Mustafa İslamoğlu = Doğrusu Biz size, içinde size şeref ve itibar kazandıran bir mesaj indirmiş bulunuyoruz: şu halde, aklınızı başınıza almayacak mısınız?
Ömer Nasuhi Bilmen = Kasem olsun ki, size bir kitap indirdik ki, sizin şerefiniz ondadır. Hâlâ âkilâne düşünmez misiniz?
Ömer Öngüt = Andolsun ki, içinde zikriniz (şerefiniz) bulunan bir kitap indirdik. Hâlâ akıl erdirmiyor musunuz?
Şaban Piriş = Size de, içinde sizin için uyarıların yer aldığı bir kitap indirdik. Hâlâ, aklınızı kullanmıyor musunuz?
Sadık Türkmen = (ey insanlar!) Gerçek şu ki; size içinde öğüdünüz bulunan bir kitap indirdik. Hâlâ aklınızı kullanarak inanmıyor musunuz?
Seyyid Kutub = Andolsun ki, size namınızı yücelten, öğütler içeren bir kitap indirdik. Buna aklınız ermiyor mu?
Suat Yıldırım = Muhakkak ki, hayatınız için gerekli notları içeren, size şan ve şeref sağlayan bir kitap indirdik. Neden düşünmüyorsunuz?
Süleyman Ateş = Andolsun, size, içinde Zikr'iniz bulunan bir Kitap indirdik. Aklınızı kullanmıyor musunuz?
Tefhim-ul Kuran = Andolsun, size, (bütün durumlarınızı kapsayan) zikrinizin içinde bulunduğu bir Kitap indirdik. Yine de akıllanmayacak mısınız?
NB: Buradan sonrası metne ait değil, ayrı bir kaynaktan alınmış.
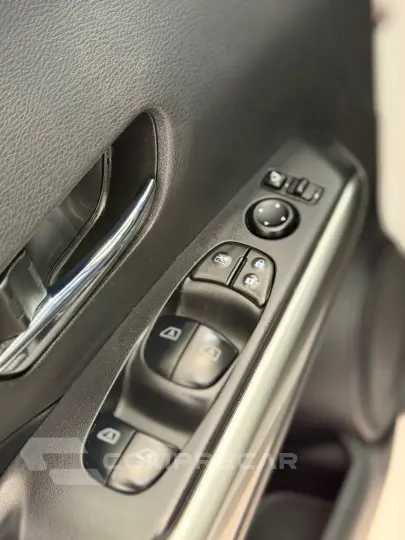 KICKS SL 1.6 16V FlexStar 5p Aut.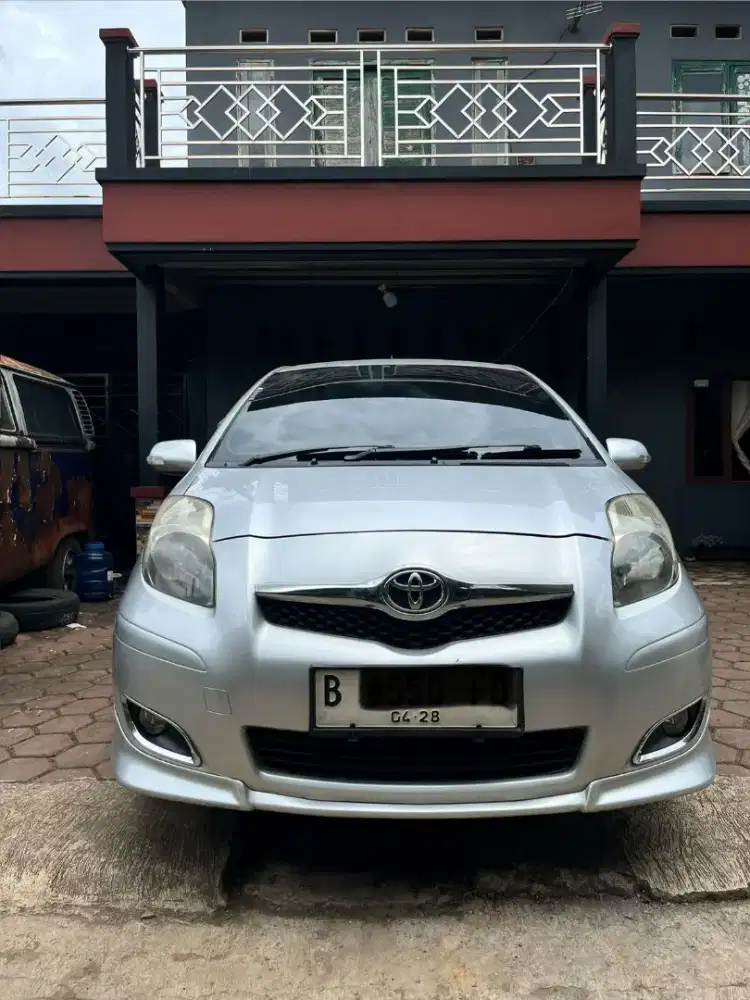 Toyota Yaris 2012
Ümit Şimşek = Size de bir kitap indirdik ki, şan ve şerefiniz ondadır. Hâlâ akıl etmiyor musunuz?
Yaşar Nuri Öztürk = Yemin olsun, size bir Kitap gönderdik ki, öğüt ve uyarınız/zikriniz/şerefiniz yalnız ondadır. Hâlâ aklınızı çalıştırmayacak mısınız?
İskender Ali Mihr = Andolsun ki; içinde, sizi zikreden (sizden bahseden) bir kitap indirdik. Hâlâ akıl etmez misiniz?
İlyas Yorulmaz = Hiç şüphe yok ki, içinde size öğütlerle dolu bir kitap indirdik. Hala aklınızı kullanmıyor musunuz?